Restrictions on gold imported from South Korea had been in place since last year, when inbound gold from South Korea had spiked. While the spike has since subsided, the norms have remained in place leading to protests from industry.
"A basic in-principle agreement on the requirement of value addition has been in place. But the level of value addition has to be decided. Diamond and gold jewelers have argued that high levels of value addition is not possible since costs are high to begin with," said a senior Commerce Department official.
Earlier this week, both nations signed a revised CEPA, when South Korean President Moon Jae-in visited New Delhi. Under the agreement, Seoul decided to slash import duties for 17 Indian exports while India did the same for 11 Korean exports for the next 8-15 years.

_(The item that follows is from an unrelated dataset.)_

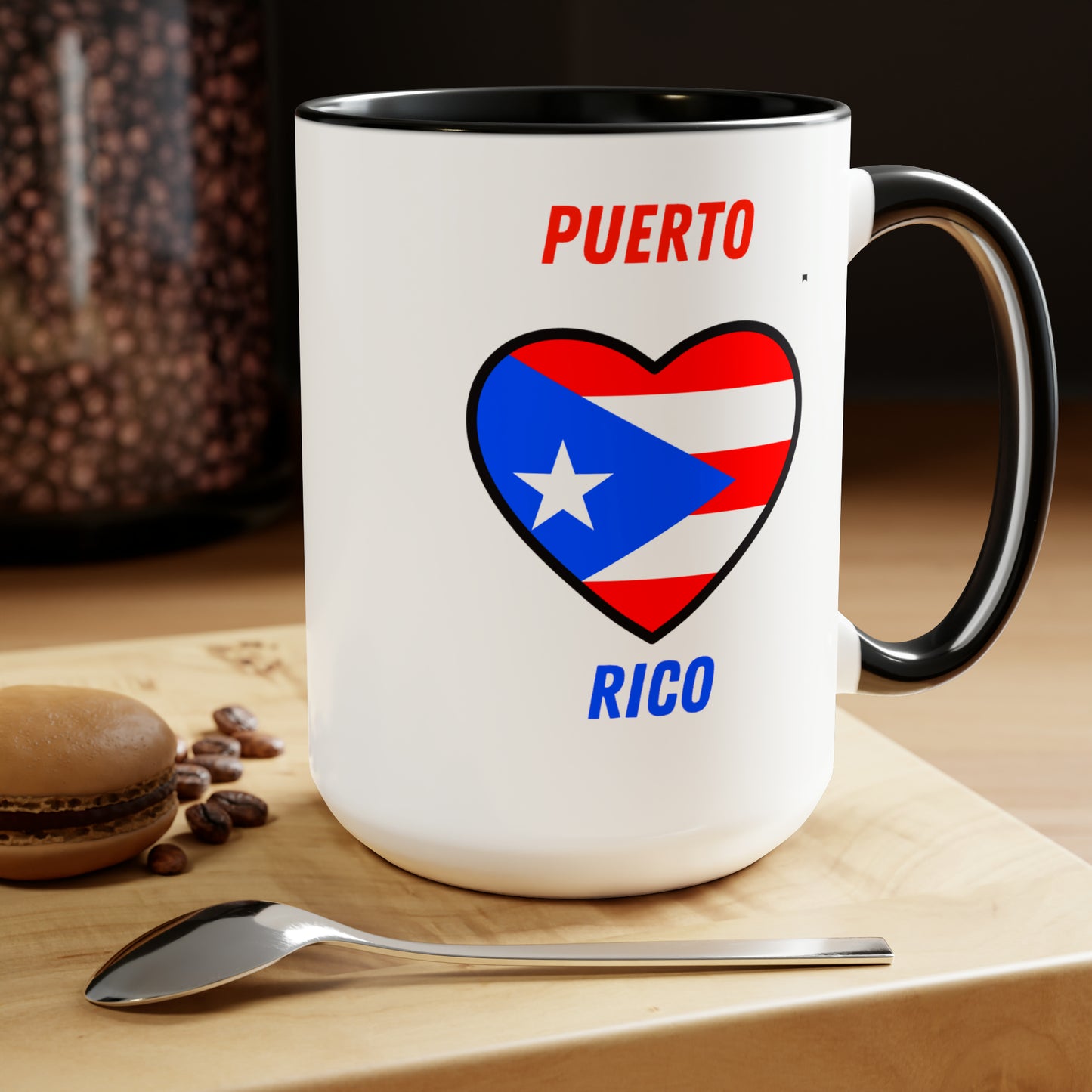 LOVE PUERTO RICO Two-Tone Coffee Mugs, 15oz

For India, this is positive for exporters of shrimps, popcorn and beer, which will see import duties in Korea eventually eliminated. India has done the same for 11 items that primarily includes base oil, an important crude oil by-product, and Tuna.
Key among these concessions is the decision by South Korea to place Indian shrimp exports in the zero duty category immediately, as compared to the 20 per cent tariffs levied now. However, shipment of only 15,000 tonnes of India's biggest marine export to the country has been exempt from import taxes. The total exports to Korea is around 24,000 tonnes.
"When we had started the initial review of CEPA, the average utilisation of the deal by Indian exporters was 30 per cent.
That has gone up to 40 per cent this year. The reason behind this was lack of market access, but we are now focusing on securing access for many products," the official said.
Apart from mangoes, it aims to open up the Korean market for other agri products. India has also begun an investigation to identify imports, the tariffs for which are currently below Most Favoured Nation (MFN) rates. MFN rates are base import duty rates applicable to all nations, if not otherwise mentioned. It has been found that in certain cases, India's MFN rates are lower than even the rates prescribed under bilateral trade deals, such as CEPA.
Domestic business contends that India's exports lack enough room to succeed in Korea in major sectors, while import continues to rise at a fast clip. Currently, 78 per cent of items from India’s list of goods and 88 per cent from the Korean list are placed in the zero-duty category.
India's ability to export more items under both CEPA agreements—the other being with Japan—have remained low. Any move by India to widen the CEPA runs the risk of further angering domestic exporters, where the claim is that the pact has disproportionately helped Korean counterparts. India's export to South Korea was $4.4 billion in 2017-18, registering an annual growth of 5.2 per cent. Import from Korea was four times larger at $16.4 billion, and rose 30 per cent in FY18.
Imports are concentrated in areas of electronics and heavy machinery, focusing on products for which India has few production capabilities.
All new tariff rates will go live once the government has secured statutory approvals from the Cabinet, which is expected soon, the official said. This will hold for other parts of the agreement in the services trade sphere as well.
While Seoul has decided to allow Yoga instructors from India to travel, set up and operate Yoga training centres in the country, New Delhi has reciprocated by allowing the same for Taekwondo teachers from Korea.